9. In his skeleton argument prepared for the hearing before Collins J on 18 January 2006, Mr Jon Holbrook on behalf of the local authority had voiced various criticisms of B's Form N461 and specifically drawn attention to the need for properly particularised grounds.

10. He asserted that, contrary to good practice and the requirements of the Civil Procedure Rules, the claim form did not specify any discrete grounds of judicial review, in the sense that there was no simple statement of what the local authority was alleged to have done (or not done) that was unlawful. In relation to the alleged failure to provide appropriate accommodation he complained that in the absence of properly articulated grounds the local authority could only surmise on what basis the claim for judicial review was being advanced. He drew attention to the fact that nothing in B's grounds addressed the fact that the local authority had offered to provide two alternative types of accommodation for B – seemingly they had not been to her liking. He submitted, correctly in my judgment, that the local authority's duty, whatever it might be, was not to provide accommodation of B's choice.
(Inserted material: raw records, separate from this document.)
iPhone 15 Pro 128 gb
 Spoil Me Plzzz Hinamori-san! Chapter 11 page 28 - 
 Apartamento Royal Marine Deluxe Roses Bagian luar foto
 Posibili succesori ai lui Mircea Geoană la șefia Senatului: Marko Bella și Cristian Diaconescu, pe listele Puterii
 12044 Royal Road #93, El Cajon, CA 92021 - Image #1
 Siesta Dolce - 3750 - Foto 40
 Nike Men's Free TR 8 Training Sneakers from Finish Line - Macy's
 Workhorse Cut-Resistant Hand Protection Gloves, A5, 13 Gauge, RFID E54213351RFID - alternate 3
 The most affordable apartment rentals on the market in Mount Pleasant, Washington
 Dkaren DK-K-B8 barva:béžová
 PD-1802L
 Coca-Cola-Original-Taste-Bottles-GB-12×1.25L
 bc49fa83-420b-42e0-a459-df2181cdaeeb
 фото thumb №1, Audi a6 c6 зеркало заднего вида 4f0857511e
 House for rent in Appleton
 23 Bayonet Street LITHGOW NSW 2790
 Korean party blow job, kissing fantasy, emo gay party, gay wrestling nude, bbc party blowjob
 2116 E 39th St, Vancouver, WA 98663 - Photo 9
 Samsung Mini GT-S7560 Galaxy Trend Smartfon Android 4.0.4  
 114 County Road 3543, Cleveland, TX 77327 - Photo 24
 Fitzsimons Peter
He drew attention to and quoted from my judgment in R (P, W, F and G) v Essex County Council [2004] EWHC 2027 (Admin) and submitted, again correctly, that it was not for the court to review the merits of the local authority's decision.

11. Mr Holbrook submitted to Collins J that, although Silber J's order of 13 January 2006 had ordered that the question of permission be adjourned to 6 February 2006, "a further adjournment would merely serve to increase the drain on public funds". He further submitted that the continuation of the proceedings was hampering the local authority's efforts to promote B's welfare. Collins J rejected Mr Holbrook's submission that the claim should be dismissed then and there but commented that the claim would probably need to be amended in any event.

12. On 2 February 2006 the local authority's solicitors wrote to B's solicitors pointing out that the core assessment had now been completed and asserting that in these circumstances "your client should either have withdrawn her application for permission or supplied us with amended grounds." As they said, "This has not been done." The reply from B's solicitors dated 6 February 2006 simply ignored this, though referring to R (J) v Caerphilly County Borough Council [2005] EWHC 586 (Admin), [2005] 2 FLR 860. The local authority's solicitors responded with two letters on 8 February 2006.

13. In their first letter they observed that B's solicitors had failed to respond to the issues referred to in their previous correspondence regarding the ongoing prosecution of the proceedings. In their second letter they said:

"We note that you have still not supplied us with any reasoned grounds for bringing this claim specifying any discrete issues of judicial review. Is it your intention to serve amended grounds in this matter?"

Having inquired why R (J) v Caerphilly County Borough Council [2005] EWHC 586 (Admin), [2005] 2 FLR 860, had been included in the bundle "bearing in mind there is no reference to this authority in your grounds", they continued:

"Once more, we should be most grateful if you would confirm whether or not you intend to supply us with amended grounds to show how the case is relevant in this matter."

14. It was in this state of affairs that the matter came before me on 9 February 2006. There were no draft amended grounds, notwithstanding the manifest deficiencies in the original grounds and notwithstanding the even more obvious fact that, with the completion of the core assessment, matters had now on any view moved on. Mr Holbrook repeated the submissions he had put before Collins J on 18 January 2006. His submissions were now fortified by the further developments to which I have already referred: the completion of the core assessment and B's continued failure, despite the local authority's repeated complaints, to take any steps to remedy the deficiencies in her grounds. He submitted that having been put on notice of the need to produce amended grounds, and having failed to do so, B should be afforded no further indulgence. He invited me to refuse permission, discharge Silber J's order and dismiss the proceedings.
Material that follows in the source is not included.